HBO’S LIVE FROM BAGHDAD
In just a few days, Iraq submits its weapons declaration — and on the same day, HBO airs its “Live From Baghdad” TV movie. Journalist Lucy Komisar writes about a preview screening held in New York for Pacific News Service, and suggested that the film simply recycles misinformation reported in the media at the time:
“Remember the phony story about the Kuwaiti woman who testified in 1990 that Iraqi soldiers were throwing Kuwaiti babies out of incubators? It was later exposed as a public relations fabrication — but now it’s back on HBO.
“Live From Baghdad, made by HBO, purports to tell how CNN covered the 1991 Gulf War. It is based on a memoir by Robert Wiener, then a CNN field producer, who wrote the script with three others. Airing Dec. 7, this ‘fiction’ based on ‘fact’ propagates the famous Kuwaiti government incubator hoax. As the United States stands at the brink of war with Iraq, such fabrications may invite other, more dangerous hoaxes.,,,
“A recent Live From Baghdad screening, sponsored by HBO and the Council on Foreign Relations, included a panel discussion. Present were: Wiener; moderator Garrick Utley (formerly with NBC, now with CNN); Deborah Amos, correspondent with ABC News; Tom Johnson, former president of CNN; and Eason Jordan, chief news executive at CNN. None of the eminent journalists mentioned the incubator story.

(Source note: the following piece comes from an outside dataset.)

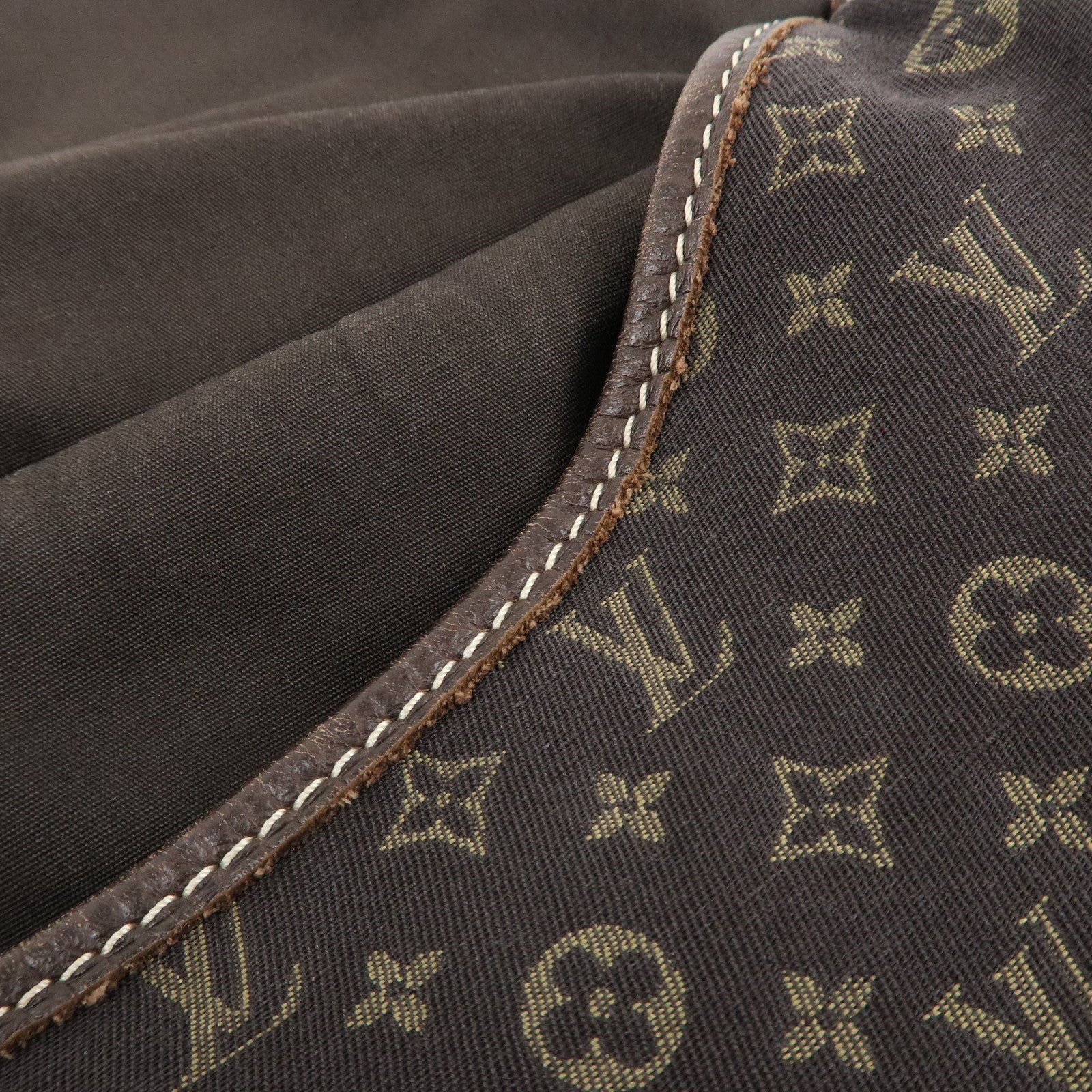 Louis Vuitton Monogram Mini Lin Saumur 30 Ebene Brown M95227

“At question time, two people in the audience shot up their hands to ask why the film had perpetrated the phony incubator story. Jordan evaded the first question by relating how Saddam Hussein had ordered a Kuwaiti oppositionist cut up in pieces. A follow-up query pointed out that Jordan hadn’t answered the question, and that the film perpetuated rather than corrected the phony incubator story. The film ends with text over the close telling what happened to some of the characters; surely, it was suggested, the film could easily run lines telling the truth about the hoax…”
A few days after the screening, Wiener was interviewed on CNN and, disputing that the network had promoted Iraqi propaganda, pointed out the trip to investigate the incubator charge. He admitted that the incubator allegations ‘turned out to be false’ because those accusations were made by the daughter of the Kuwaiti official and were never proven. ‘That was my regret in one instance,’ he said.”He didn’t regret it enough to tell the truth in the film.”
FOLLOWING FOX
Michael Wolff of New York Magazine offers another view on Fox News. (He always offers another view.) In a recent column summarized in PR Spinwatch, he says that its biases are not just political or pro-Republican:
“There’s something ‘incredibly creepy’” about Fox TV mogul Roger Ailes, writes Michael Wolff.
“He looks the way you imagine the man behind the curtain looking: That is, he doesn’t care about how he looks (which is, as it happens, gray and corpulent). He understands it’s all manipulation.”
Wolff examines the techniques that Ailes has used to turn his right-wing network into a ratings phenomenon:
“Fox is not really about politics (CNN, with its antiseptic beltway p.o.v., is arguably more about politics than Fox). It certainly isn’t arguing a consistent right-wing case. Rather, it’s about having a chip on your shoulder; it’s about us versus them, insiders versus outsiders, phonies versus non-phonies, and, in a clever piece of postmodernism, established media against insurgent media. … In the conventional-wisdom swamp of television, this passes for serious counter-programming.”
MAXWELL AND THE MOSSAD
In news of another media mogul, now departed, and rest his soul, the Daily Mirror in London reports: ROBERT MAXWELL WAS A MOSSAD SPY. Gordon Thomas And Martin Dillon write about the former owner of that newspaper and the NY Daily News:
“ELEVEN years after former Daily Mirror owner Robert Maxwell plunged from his luxury yacht to a watery grave, his death still arouses intense interest, ter two and a half years of investigative journalism, we believe we have unearthed the true story of Maxwell’s death and can reveal how he was murdered by the Israeli secret service, Mossad.
“Our work, supported by documents, including FBI reports and secret intelligence files from behind the Iron Curtain, shows Maxwell had worked as a secret super spy for Mossad for six years.
“The Czech-born millionaire and former Labour MP died the way he had lived - threatening. He had threatened his wife. Threatened his children. Threatened the staff of this newspaper.
“But finally he issued one threat too many - he threatened Mossad.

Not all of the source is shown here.